O contato com as pesquisa de trabalhos importantes sobre cultura material do Museu Paulista foi fundamental para a constituição da definição do objeto de pesquisa. Dessa maneira, à luz da historiografia aliada à museologia e ao estudo das roupas e da cultura material, o Museu Paulista publicou, em 2006, uma coletânea intitulada, Tecidos e a sua conservação no Brasil, na qual se encontra uma série de comunicações que tratam do tema e dos problemas relacionados aos têsteis, tecidos e vestuário. A maior parte das análises possui uma perspectiva museológica, sobre a conservação, catalogação e possibilidades de abordagens dos trajes e das indumentárias.[4] Neste conjunto de artigos, é importante destacar o de Kátia Castilho, “Têxteis como documentação da técnica e da estética”, que aponta para a relevância do estudo da moda no conhecimento científico. [5]
Outro trabalho, nesta linha de pesquisa, é o de Teresa Cristina Toledo de Paula, “A excepcional terra do pau-brasil: um país sem tecidos”, que enfatiza a presença do mito da ausência de tecidos na História do Brasil, principalmente na Colônia. Sobre este assunto, notou que “(...) Herdamos e preservamos um repertório de imagens fictícias que raramente são postas em xeque e acabam cristalizando em nós um imaginário significativo sobre os tecidos disponíveis e sua utilização nos séculos precedentes”.[6]

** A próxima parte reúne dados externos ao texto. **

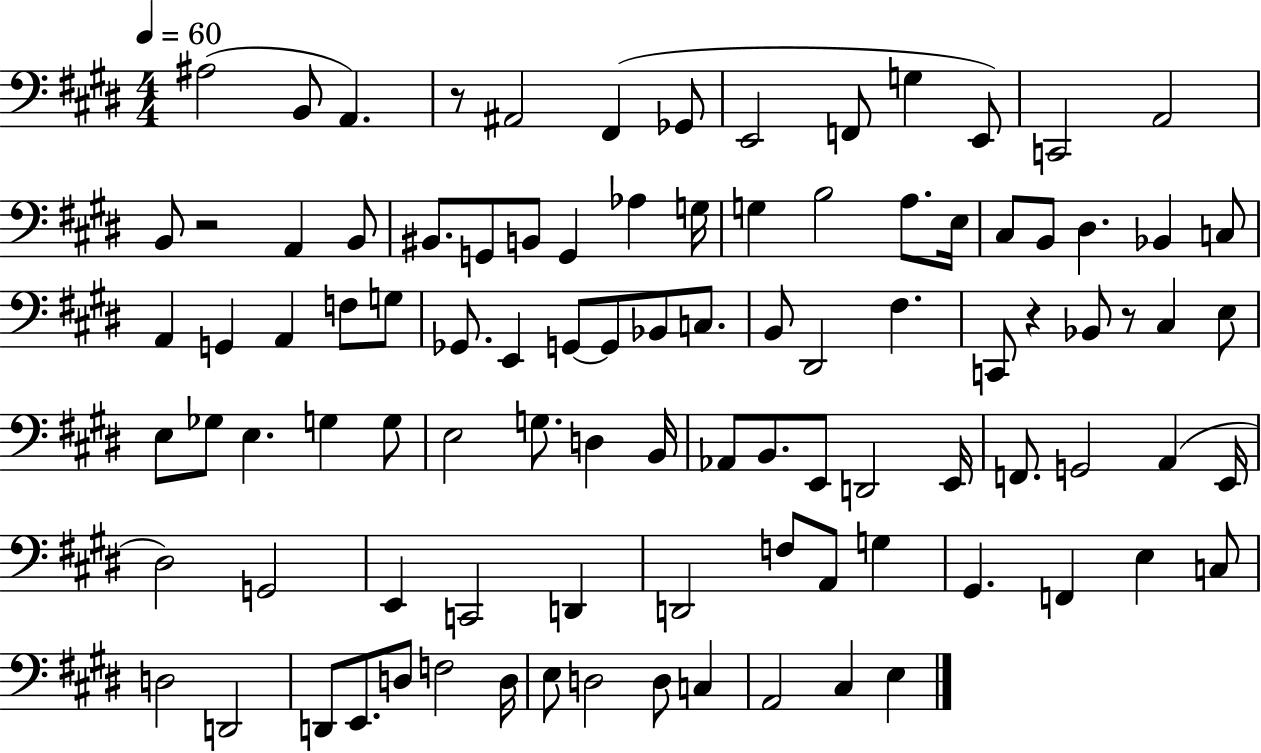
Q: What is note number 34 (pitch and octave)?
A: F3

Dentre essas obras, destaca-se a de Heloisa Barbuy, sob a perspectiva da História Urbana e da Cultura Material, tratando do comércio e da dimensão do espaço, predominantemente público, dos vestuários femininos e masculinos. As exposições das vitrines de roupas, chapéis, luvas e adereços da São Paulo do século XIX foram marcantes nessa “cultura da moda” no processo de transformação rápida da cidade.[7]
No campo da Cultura Material e da articulação entre Gênero e Artefato, Vânia de Carvalho abordou o sistema doméstico na cidade de São Paulo. As indumentárias, portanto, passaram a estar dentro da “vitrine de casa” da elite paulistana na passagem do século XIX ao XX.[8]

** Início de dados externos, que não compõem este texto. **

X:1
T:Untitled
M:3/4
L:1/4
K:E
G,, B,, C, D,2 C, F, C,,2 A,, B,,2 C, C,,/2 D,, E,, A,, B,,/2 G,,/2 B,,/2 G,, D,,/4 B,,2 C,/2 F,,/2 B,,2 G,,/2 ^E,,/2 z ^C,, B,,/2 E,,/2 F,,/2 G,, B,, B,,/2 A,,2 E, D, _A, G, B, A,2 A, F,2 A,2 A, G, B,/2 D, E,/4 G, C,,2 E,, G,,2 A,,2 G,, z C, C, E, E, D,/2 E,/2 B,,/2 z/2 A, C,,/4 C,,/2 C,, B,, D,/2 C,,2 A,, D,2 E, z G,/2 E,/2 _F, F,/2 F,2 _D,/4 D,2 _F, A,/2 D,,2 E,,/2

Também são importantes os trabalhos de Silvia Hunold Lara por abordar um tema ainda muito pouco estudado no período colonial. Em artigo de 1995, “Sob o signo da cor: trajes femininos e relações raciais nas cidades do Salvador e do Rio de Janeiro, ca. 1750-1815”, estudou o vestuário das mulheres negras escravas, as primeiras determinações legais portuguesas sobre o tipo dos trajes e defendeu a ideia de que a sociedade colonial mantinha “a função simbólica do vestuário como marca das distinções sociais”. [9] Em se tratando das relações entre o senhoriato e a escravaria feminina, a autora afirmou: “o olhar branco e senhorial experimentava uma flutuante ambiguidade na identificação do personagem que usava trajes luxuosos: ora parecia como mulher, ora como mulata ou negra, ou simplesmente escrava; ora a distinção de gênero e condição social era simplesmente resolvida pelo uso da palavra negro. Como mulheres, pareciam reunir em si uma somatória de pecados: ao andar à noite pelas ruas quebravam a regra que ligava recato e domesticidade, expunham-se publicamente e eram portanto associadas às prostitutas; por causa disto, senhoras e escravas podiam ser aproximadas, o luxo de uma podia ser visto como indutor da luxúria de outra e vice-versa. Expondo publicamente o poder das senhoras, o séquito de cativas ricamente vestidas acabava, aos olhos de alguns, estabelecendo uma similitude entre mulheres de condições sociais diametralmente opostas”. [10]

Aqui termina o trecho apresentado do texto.